それは私を常に導いてくれる金城先生への想いだった。

先生との関わりは、それまで感じない世界に生きる私に、感じる心を芽生えさせてくれた。そんな先生に対してはまるで子供の様に心を開いている自分がいることも感じていた。
「僕を通してでもいいから、自分の感じる心を大切にすること、それがゆうゆを感じるという世界に広がっていくよ」先生が前から私に言っていた言葉。
その時はピンとこなかった私だったが、今何となくその言葉の意味が分かり始めてきた。

「諦めたくない」

無い世界に唯一ある想い。砂漠の中の一輪の花を、娘が摘んで笑顔で私に差し出した様な気がした。この花を受けとりたい。受け取ろう。それは私が初めて持った希望なのだと分かった。自分の中には希望がある、娘に対して何かがある。
何も無いと思っていた絶望から何かを見つけたような安堵感、泣きながらほっとした。そんな思いが今の私にとって生きる上での命綱だった。

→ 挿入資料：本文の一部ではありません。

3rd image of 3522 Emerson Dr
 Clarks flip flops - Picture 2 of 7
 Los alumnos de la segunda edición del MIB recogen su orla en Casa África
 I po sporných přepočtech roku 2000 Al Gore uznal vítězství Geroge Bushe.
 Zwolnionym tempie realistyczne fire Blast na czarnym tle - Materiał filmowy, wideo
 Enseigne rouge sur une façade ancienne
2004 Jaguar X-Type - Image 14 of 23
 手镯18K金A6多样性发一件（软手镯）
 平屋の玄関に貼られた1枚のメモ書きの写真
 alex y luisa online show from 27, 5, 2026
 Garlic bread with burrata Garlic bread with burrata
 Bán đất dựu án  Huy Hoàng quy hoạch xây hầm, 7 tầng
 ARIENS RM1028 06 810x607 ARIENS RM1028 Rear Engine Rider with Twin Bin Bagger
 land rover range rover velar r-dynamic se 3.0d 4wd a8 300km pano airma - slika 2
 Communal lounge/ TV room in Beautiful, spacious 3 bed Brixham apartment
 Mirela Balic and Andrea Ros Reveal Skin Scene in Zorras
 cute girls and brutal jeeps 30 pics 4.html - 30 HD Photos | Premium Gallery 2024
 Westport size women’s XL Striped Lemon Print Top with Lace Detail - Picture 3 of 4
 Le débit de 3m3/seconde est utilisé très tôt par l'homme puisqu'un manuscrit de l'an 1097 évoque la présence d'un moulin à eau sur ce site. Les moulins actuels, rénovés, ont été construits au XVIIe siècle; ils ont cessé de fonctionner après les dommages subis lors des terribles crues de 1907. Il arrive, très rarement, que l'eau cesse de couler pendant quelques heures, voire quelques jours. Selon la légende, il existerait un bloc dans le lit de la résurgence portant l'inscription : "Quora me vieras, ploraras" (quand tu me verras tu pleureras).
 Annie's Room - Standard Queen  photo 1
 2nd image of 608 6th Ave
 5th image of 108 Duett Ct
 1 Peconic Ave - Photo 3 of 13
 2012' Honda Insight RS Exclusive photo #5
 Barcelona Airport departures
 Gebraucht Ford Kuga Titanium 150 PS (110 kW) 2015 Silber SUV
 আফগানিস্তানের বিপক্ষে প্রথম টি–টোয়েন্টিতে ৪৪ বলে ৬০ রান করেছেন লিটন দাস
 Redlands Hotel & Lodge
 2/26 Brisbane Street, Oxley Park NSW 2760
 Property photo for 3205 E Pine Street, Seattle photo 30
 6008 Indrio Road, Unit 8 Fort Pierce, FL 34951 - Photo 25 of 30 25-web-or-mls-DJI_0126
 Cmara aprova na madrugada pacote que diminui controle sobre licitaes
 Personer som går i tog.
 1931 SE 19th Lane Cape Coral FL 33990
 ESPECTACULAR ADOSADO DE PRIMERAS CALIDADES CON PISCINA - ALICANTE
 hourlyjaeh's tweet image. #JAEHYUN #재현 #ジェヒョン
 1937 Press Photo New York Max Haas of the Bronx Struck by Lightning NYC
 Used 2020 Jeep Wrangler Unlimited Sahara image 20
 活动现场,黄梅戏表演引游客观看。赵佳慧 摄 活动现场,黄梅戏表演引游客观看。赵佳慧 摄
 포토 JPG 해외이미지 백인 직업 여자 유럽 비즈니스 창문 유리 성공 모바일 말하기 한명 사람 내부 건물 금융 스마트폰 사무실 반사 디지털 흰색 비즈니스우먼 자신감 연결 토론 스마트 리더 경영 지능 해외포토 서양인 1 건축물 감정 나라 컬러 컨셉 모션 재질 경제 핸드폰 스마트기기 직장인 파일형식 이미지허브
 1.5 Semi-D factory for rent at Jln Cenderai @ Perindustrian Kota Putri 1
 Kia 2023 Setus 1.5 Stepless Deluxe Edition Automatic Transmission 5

「母親として分かっていなくても、できなくても、わが子には伝えていかないといけないことがあるんだよ」
先生の言葉は今の私にはまだ言葉としての段階でしか理解できないが、これから私自身が一つひとつ育て、取り組んでいくことなのだと感じた。

あれから数日たった。私の中であの日の出来事は大きく、今、自分自身を見つめ、向きあっている日々である。
そんな中、娘と買いものへ出かけた時のこと。手をつないでいた娘が突然、「ママ、水槽買って。今度はエビを持って帰りたいから」と言った。そして一人で売り場の方に走って行き、「これこれ」と小さな水槽を差し出した。

彼女は諦めていなかった。そして自分の希望を叶えるために行動するという一歩を歩き始めていた。母親の私が希望という経験を持つと決めた時、彼女の中の諦めが希望に変わった。

母親の私が何を感じ、何を大切に生きるか、そして子供との関わりから伝わり、伝えていくもの。子供が母親から学ぶこと、それは言葉ではなく、母親自身の生きざまそのものなのだ。
だからこそ、母親の私が今自分自身の中を見つめ、取り組んでいくことが大切なのである。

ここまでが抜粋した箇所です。